『まんがタイムきららフォワード』2025年4月号、発売されました。表紙は『純情エッチング』。スタイラスを手にしたまま、あおむきに寝転がる卯月ノノ。青みがかった光に照らされる彼女の姿は、窓から差し込む月明かりを受けてのものか。描いても描いてもモノにならない、もどかしい思いを抱えたまま、ごろりと背中向けに倒れ込んだのでしょう。髪がばさりと後ろに流れて、いつにない表情がよく見える印象的なワンシーンとなっているのです。
今月は新規ゲストが3本です。
『アイランド・アンドロイド』
人を助ける存在となることを願い作り上げられたアンドロイド、もこは実に自堕落で、その能力を持ち腐れさせている。
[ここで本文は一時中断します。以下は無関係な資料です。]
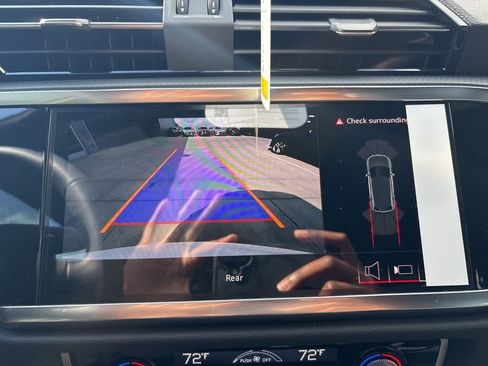 New 2025 Audi Q3 2.0T Premium image 24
自身もそう言及する超性能は、フィジカルの強さだけでなく、超能力や動物とのコミュニケーションといった超常の域にまで及ぶもの。しかしやる気がないのではしようがない。
ということで、更生のため宮古島に送られてしまったもこです。帰るためには日々課される各種ミッションをクリアしなければならない。最初のミッションは人から「ありがとう」といわれること。簡単だけど、なにもやる気のない、それどころか人を自分より劣るものと見下しているもこには難しい。はたして、もこは最初のミッションを達成することができるのか? というのがこのお話の肝でありました。
もこが住むことになったのは、3人の女性が暮らす家。しかし折悪いことに台風被害を受けてぼろっぼろ。予定していたもこの歓迎もままならない様子。けれど、できるかぎりのもてなしを受けて、さらには倒木から身をていして守ってくれる人までいて、人間への認識を改めていくもこ。
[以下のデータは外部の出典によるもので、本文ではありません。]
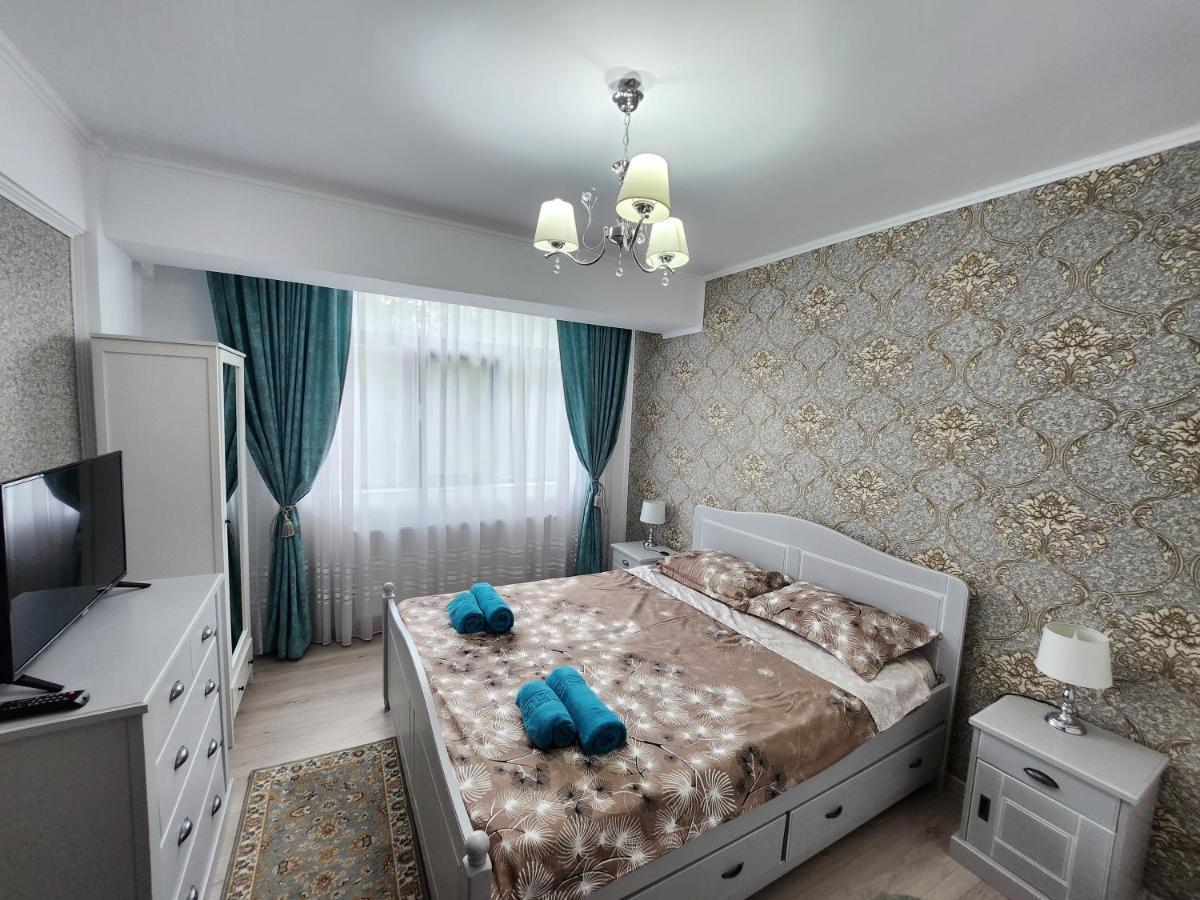 Boutique City Retreats Apartments Яссы Экстерьер фото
人からの施しに甘えてばかりじゃいられないと、超性能の片鱗を見せたもこと、そんなもこを受け入れ、ともに暮らすことに喜びをみせる皆との交流。それがもこに人間というものを知る機会を与え、その気持ちを変えていくことになるのだろうなと思わせる一編でした。
『真琴ちゃんが一番!』
なんでも一番でないと気がすまない真琴。クラス対抗の大縄跳びでももちろん勝ちにいくというのですが、双子の姉、美琴から不安だといわれてしまう。というのも、運動得意なはずの真琴なのに、縄跳びだけは大の苦手。そんな真琴のために、マッドサイエンティスト気質の姉がウサギになれるジュースとやらを作ってくれたのですね。
というか、騙し討ちで飲まされた。とんでもない跳躍力を身につけて、縄跳びだって楽々だ。といえど、家をも軽く飛び越える跳躍力はさすがに困る。元に戻すには24時間たつのを待つか一万回ジャンプするしかない! といわれ、一万回跳ぶことを選ぶのが真琴という子なのですね。
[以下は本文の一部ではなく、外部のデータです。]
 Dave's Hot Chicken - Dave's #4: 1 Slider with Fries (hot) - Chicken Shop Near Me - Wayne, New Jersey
かくして一万回ジャンプした真琴。朝には戻れたってことは、24時間かけずにやりとげたってことか! そしてこの一万回のジャンプでコツを掴めたか、縄跳びを克服した真琴。見事に大縄跳びもやりとげて、有言実行! 優勝を勝ち取るのでありました。
さて、ラストの美琴にしかえしする真琴の図。こうしたじゃれあうようなやりとりに見えるふたりの関係性。こうしたところ、おもしろみあってよかったと思います。なんだかんだ一枚上手な美琴。真琴のこと、うまく手玉にとっているんですね。
『天球の影で月は舞う』
ターゲットを自分にのめりこませた果てに殺すことを無常の楽しみとしている殺し屋。彼女の次の仕事は、九条建設の令嬢。護衛として潜り込み、娘を殺せとのことだけど、この殺し屋のことだから、一年という期限いっぱい引っぱって、令嬢の信頼を勝ち取った上で殺そうというのでしょう。彼女の目論見は成功するのか否か。その成否につながる第一歩が描かれた短編でした。
何度も命を狙われている令嬢。つい先日も襲撃を受け、護衛を失ったばかり。そんな彼女の夕食時、ともに夕食をとる父が倒れた! 毒殺か!? 狼狽する令嬢に迫る刺客の刃。あわやというその時、身をていしその刃をとめたのが、件の殺し屋。迫りくる刺客を前に一歩も退くことなく撃退し、見事令嬢の信頼を勝ち取ることに成功したのでした。
まずは第一歩。そしてこれからの一年間。依存させるといっていいほどに深い信頼を得てから……、というのでしょう。その仕事の是非は、どうなるのでしょうね。